You may have a huge roster of Facebook friends, but that’s not going to help you if the fiscal cliff plunges the United States back into recession next year.
If your social network is made up of hundreds of people you haven’t had a real-life conversation with in years, you’re worse off if the economy tanks than people with just a handful of close friends.
Emoticon-based friendships aren’t strong enough to act as a safety net in an unstable economy, University of Virginia psychology professor Shigehiro Oishi wrote in “Optimal Social-Networking Strategy Is a Function of Socioeconomic Conditions,” a study published last month in the journal Psychological Science.
“In unfavorable economic conditions, under which individuals often need serious practical and material help from others, having a large number of friends might drain all of your time and resources,” he wrote. In other words, you’re not going to lend money to or offer to babysit for someone whose interaction with you largely consists of “Like" this post, and they wouldn’t do these things for you, either.
Using a computer model and a survey of nearly 250 people, Oishi and co-author Selin Kesebir of the London Business School found that investing in few, deep friendships is beneficial when money is tight and you have little chance of moving somewhere better.
In the survey, respondents rated their current sense of well-being and the nature of their social network, which Oishi and Kesebir compared to the income level and the degree of mobility in their zip code of residence. They found that people living in high-income environments, regardless of how often they move, benefit more from having loose ties with a lot of people. They also are better off with these shallow, broad networks when they move around a lot, whether in wealthy or poor situations.
In contrast, lower-income households that didn't move as often were happier with a small circle of close friends than with a large number of more superficial relationships.
Americans used to move roughly once every five years, but that has fallen to every nine years, said Jed Kolko, chief economist at Trulia.com. The rate of mobility had been dropping bit by bit since the 1980s, and it really took a hit when the economy went south.
“Mobility goes down when the economy does worse,” Kolko said. “When the economy’s in recession, people tend to move less. There are fewer jobs available for people to move to, and if home prices fall, people can go back underwater or be more underwater and be less likely to sell.”
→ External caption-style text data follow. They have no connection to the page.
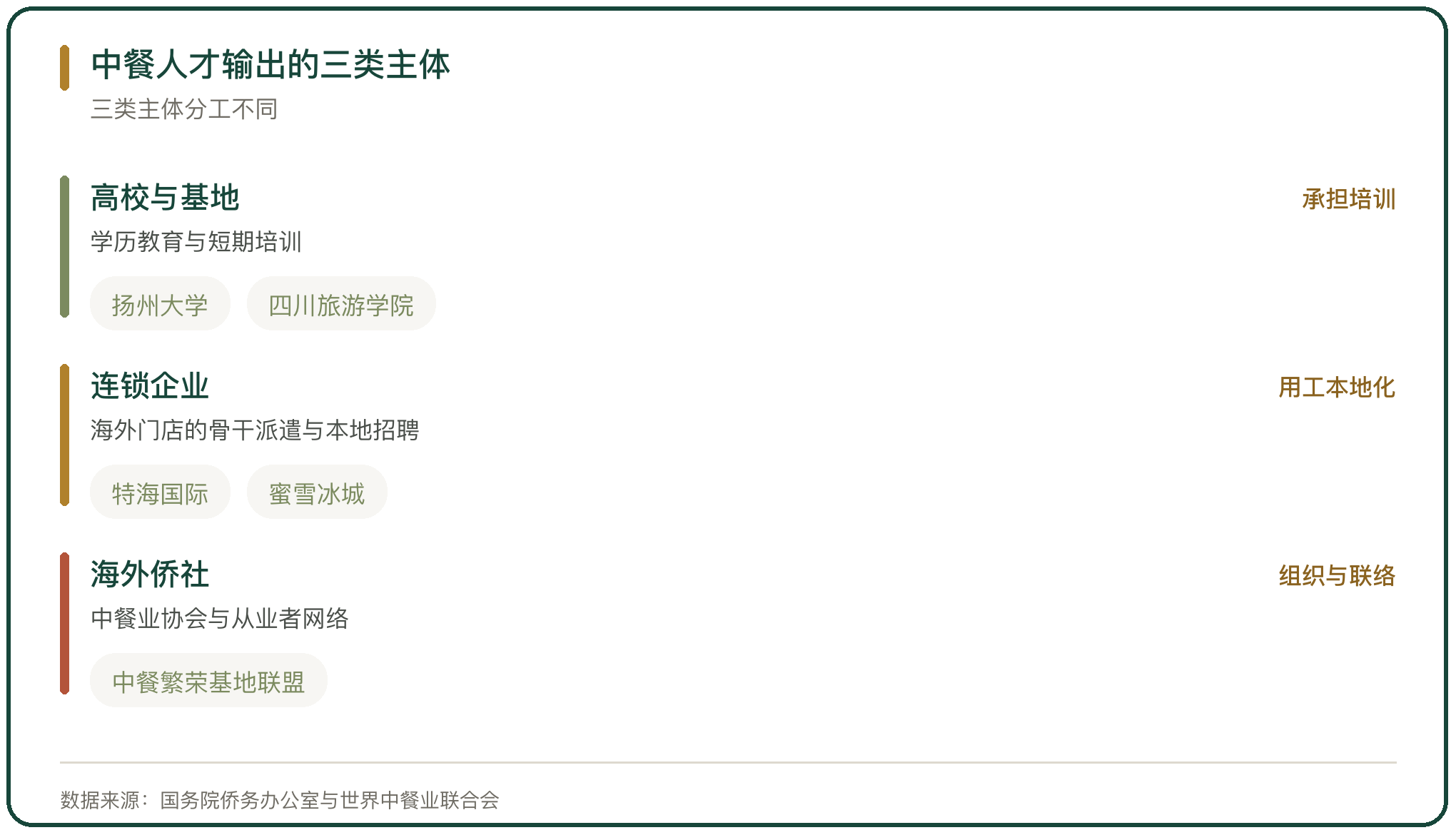 中餐人才输出的三类主体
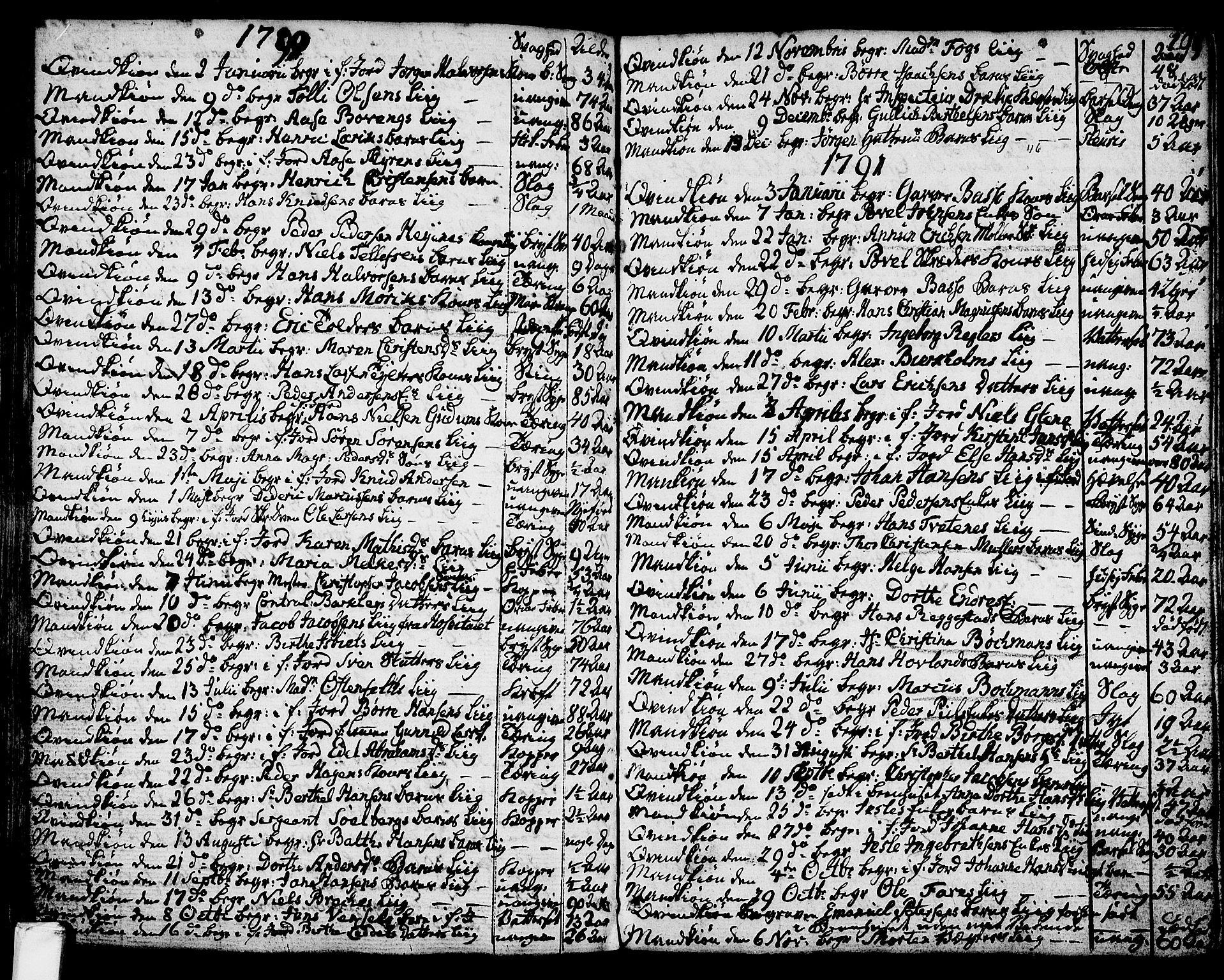 Larvik kirkebøker, AV/SAKO-A-352/G/Ga/L0001: Parish register (copy) no. I 1, 1785-1807, p. 199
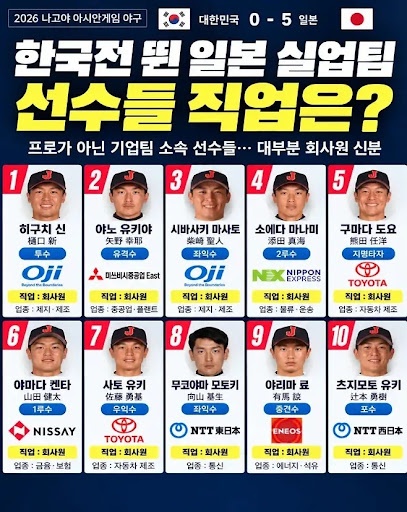 오늘 지면 꿀잼이겠다(0)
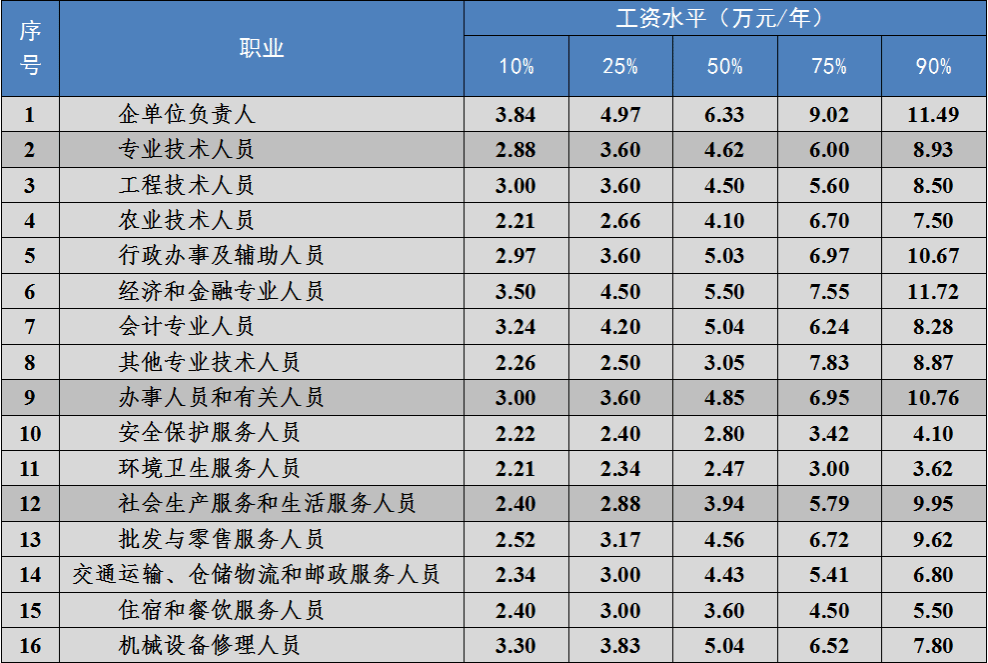 香港六宝典资料免费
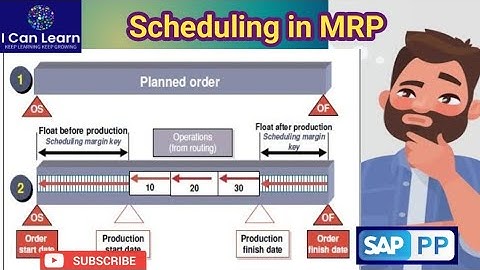 SAP MRP Step 4  - scheduling | what is scheduling in SAP MRP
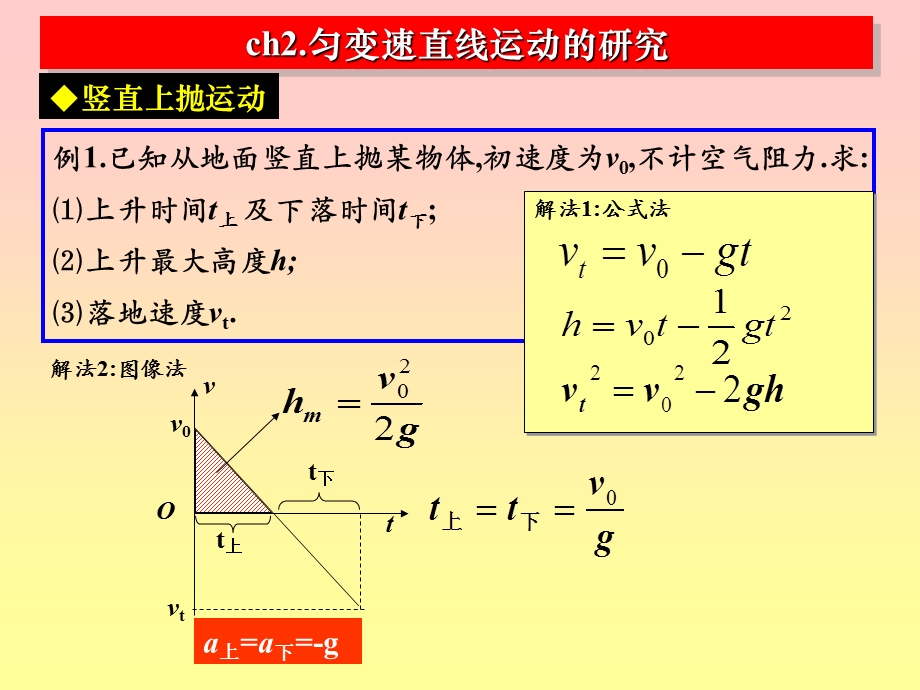 《竖直上抛运动》PPT课件.ppt_第3页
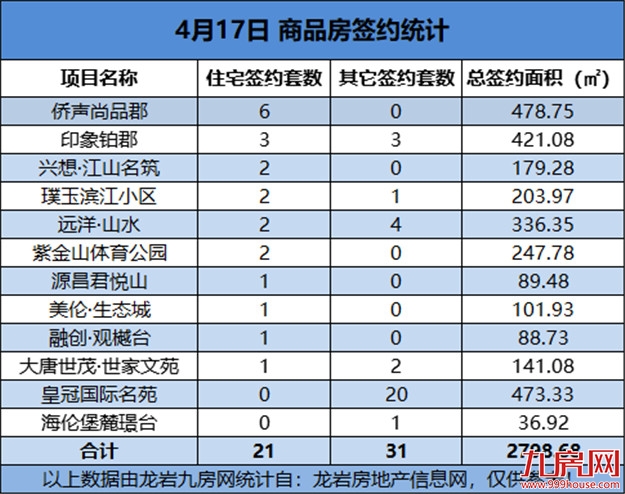 04月17日，龙岩城区房地产总签约52套，总签约面积为2798.68㎡——九房网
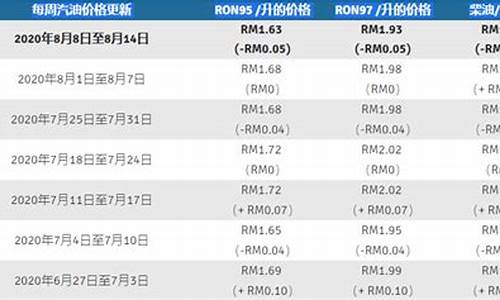 95马来西亚油价_马来西亚加油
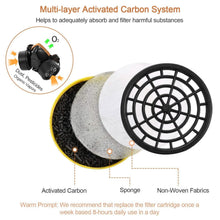 Load image into Gallery viewer, Dual Filter Cartridge Respirator Mask with Goggles
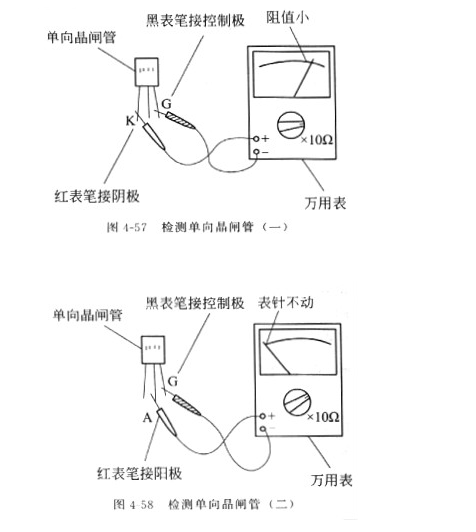 表内 电池正极,接控制极g,红表笔接阴极k,如图4-57所示,这时 测量的是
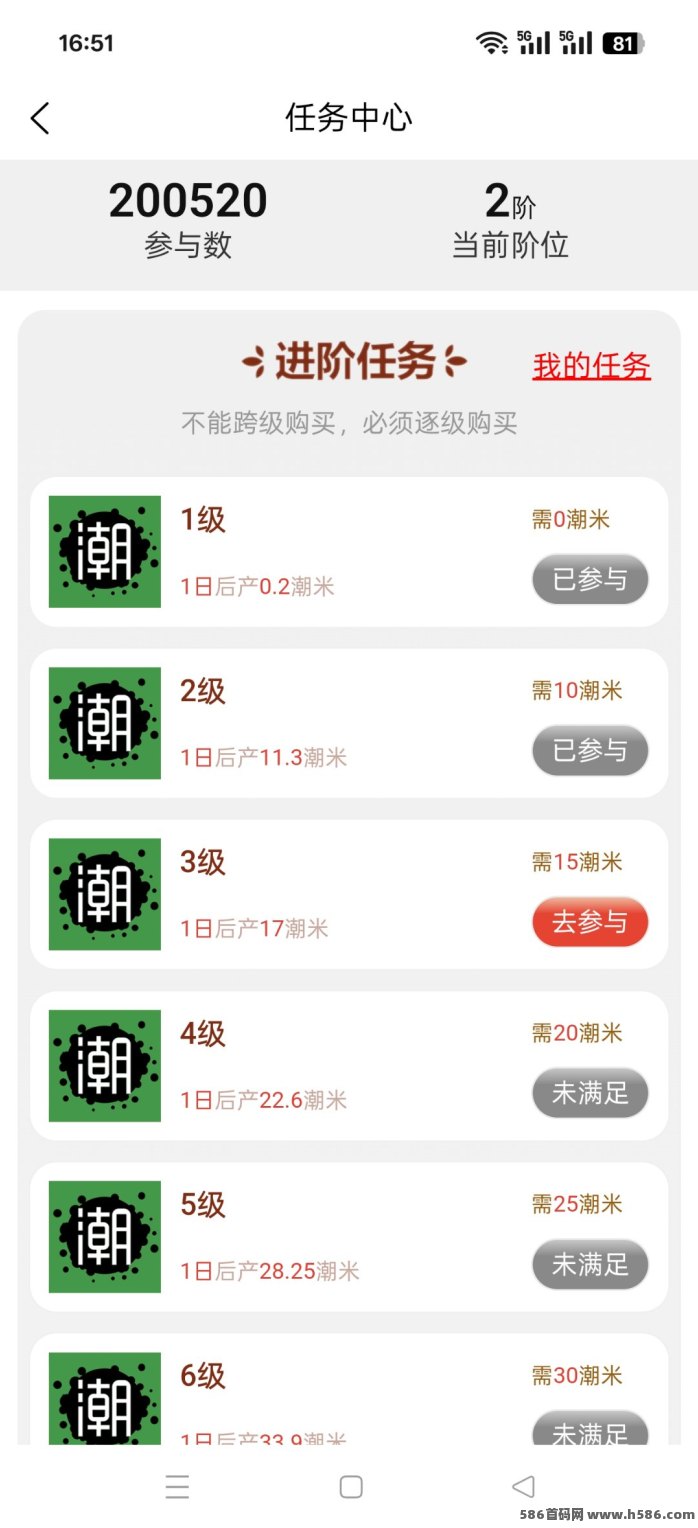 潮货墙玩法解析：免费零撸+自带市场回收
"If we fully go over the fiscal cliff, it’s likely to slow down or even reverse economic growth," Kolko said. When it comes to housing, "it would definitely slow down and possibly reverse. It would severely affect demand," he said, which means people are more likely to stay put.
Even the people who are moving these days are sticking closer to home, which presumably undercuts the benefit of a far-flung social network. Compared to a decade ago, the number of people who move but stay in the same town is roughly flat, but the number of people relocating across state lines has dropped by 35 percent.
“Having narrow, deep ties is more advantageous in residentially stable environments, particularly if crisis probability is high...," Oishi wrote. "In such a condition, investing in a small number of friends seems sensible and adaptive.” These hypothetical parameters would be reality if economists’ worst-case predictions for the fiscal cliff come true.